Kulihat Ira menunduk tak menatapku. Mungkin ia mulai merenungi kata-kataku. Aku pun baru dapat sekejap tadi ketika Ira bertanya.
Aku menghembuskan nafas, aku memang sudah tahu, aku paham teori kerohanian. Aku terlelap dalam tidurku. Teori itu pun tak berhasil membagunkanku untuk tahajud. 
********************************************************************************
Aku berjalan di kesunyian. Aku tak tahu berada di mana, ku lihat semuanya gelap. Tiba-tiba ada secercah cahaya bergerak ke arahku. Semakin dekat, ku lihat segermbolan teman-temanku bergerak mendatangiku. Muka mereka terlihat cemas. Sampai di depan mereka berjalan menembus tubuhku. Aku tergagap, apa yang terjadi, seketika itu diriku sangat cemas. Ku lihat orang lain berjalan mendekatiku. Muka orang itu sangat mirip dengan diriku. Ia berbaju hitam dengan raut muka yang sangat putus asa. Ia berlari-lari seperti ketinggalan dengan rombongan tadi. Begitupun dengannya, ia berlari menembusku. Aku kembali tergagap, namun cepat kupanggil orang itu dengan namaku. Entah mengapa aku terdorong memanggilnya dengan namaku.
Orang itu melihatku. Ya…orang itu adalah diriku, dia menengok ke arahku dengan tatapan marah. Aku ketakutan karena hanya aku dan dengannya di ruang gelap ini. Tatapannya tak pernah berhenti ke arahku.
Aku pun hilang, tiba-tiba aku berada di ruangan rumahku. Ku lihat keluargaku di dalam rumah, mereka tak melihatku. Mereka berjalan menembusku. Ada apa ini? Aku berteriak, mengapa semua berjalan menembusku. Aku mulai takut, jangan-jangan aku telah meninggal. Aku menangis. Lalu ku dengar lantunan ayat suci al-Quran. Lantunan itu menhentikan tangisanku namun tetap dengan ketakutanku.
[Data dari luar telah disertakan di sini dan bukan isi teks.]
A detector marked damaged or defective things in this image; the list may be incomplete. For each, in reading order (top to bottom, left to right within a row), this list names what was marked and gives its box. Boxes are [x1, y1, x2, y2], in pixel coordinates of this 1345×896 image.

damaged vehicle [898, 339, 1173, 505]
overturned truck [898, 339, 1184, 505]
Ku tengok ke kamarku, seseorang lain seperti diriku sedang membaca ayat suci al-Quran. Ia membacanya dengan tenang. Sesekali ia diam, namun keseriusannya sedang menatap al-Quran seperti sedang memahami kandungan ayat yang telah ia baca.
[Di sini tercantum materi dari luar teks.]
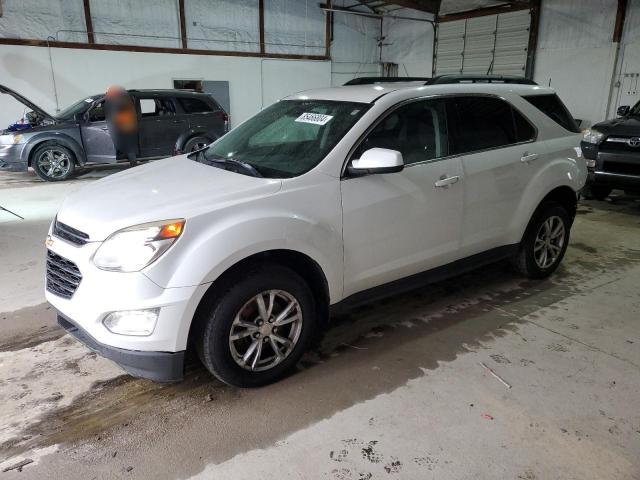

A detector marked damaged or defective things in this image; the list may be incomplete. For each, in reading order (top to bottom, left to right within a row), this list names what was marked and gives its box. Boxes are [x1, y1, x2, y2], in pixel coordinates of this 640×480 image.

Perlahan aku merasa tubuhku memanas. Kulihat api mulai menjalar dari ujung kakiku. Naik terus menaik ke atas tubuhku. Aku berteriak minta tolong, namun tak ada yang mendengarku. Ku lihat diriku yang tadi berpakaian hitam berada di sudut rumahku sedang tersenyum puas ke arahku. Diriku terbang sampai di jalan lalu lintas. Kulihat mobil berpacu cepat menuju ke arahku.
“AAAAAAAAAAAAAAAA…………………………..”
**********************************************************************************
Aku terbangun dari mimpiku. Keringatku bercucuran di pelipisku. Aku sadar ternyata itu hanya mimpi. Namun ketakutan itu tetap ada dalam diriku. Aku maih merasa sangat takut. Aku segera beranjak dari tempat tidurku, mengambil air wudhu kemudian melakukan shalat tahajud dua raka’at. Setelah shalat aku menangis.
          Aku menangis akan mimpiku. Seketika teringat semua akan kesalah-kesalahanku. Aku segera membuka Al-Quranku. Aku merenungi arti dari ayat-ayat yang kubaca.
          Aku tertegun membaca arti surat ini, Al-Anfal : 8
“Sesungguhnya orang-rang yang beriman ialah mereka yang bila disebut nama Allah gemetarlah hati mereka, dan apabila dibacakan ayat-ayatNya bertambahlah iman mereka (karenanya), dan hanya kepada Tuhanlah mereka bertawakkal.”
          Berapa kali aku mendengar lantunan ayat suci Al-Quran dari surau-surau selama Ramadhan ini. Namun aku tak pernah merasakan getaran ayat Quran itu. Teringat seorang temanku yang mualaf karena tergetar hatinya ketika mendengar lantunan Quran. Aku menangis, betapa meruginya aku. Aku yang sejak lahir beragama Islam, tak pernah merasakan hal itu. Selama 6 tahun aku bersekolah di pesantren tak membuatku merasakan hal itu. Betapa banyak aku kehilangan waktu yang seharusnya kuisi dengan hal yang berharga selama bertahun-tahun.
          Oh, betapa beruntungnya orang-orang yang mendapat hidayahMu ya Rabb,,,,,, aku tahu bahwa hidayahMu hanya datang kepada orang-orang yang Engkau Kehendaki. Apalah aku, jika Engkau tak menghendakiku sebagai hambaMu yang beriman. Aku menagis, merenungi kesalahan-kesalahan yang kuperbuat.
          Aku ini telah sombong, dengan semua pengetahuanku, aku tergiur akan pujian orang lain. Menasihati orang namun tak bisa menasihati diri sendiri. Aku telah lupa bahwa dosa dilipatgandakan bagi orang yang mengetahuinya namun tak menjalankannya. Oh, betapa malangnya diriku ini yang sok suci menyebarkan pesan –pesan baik kepada orang lain.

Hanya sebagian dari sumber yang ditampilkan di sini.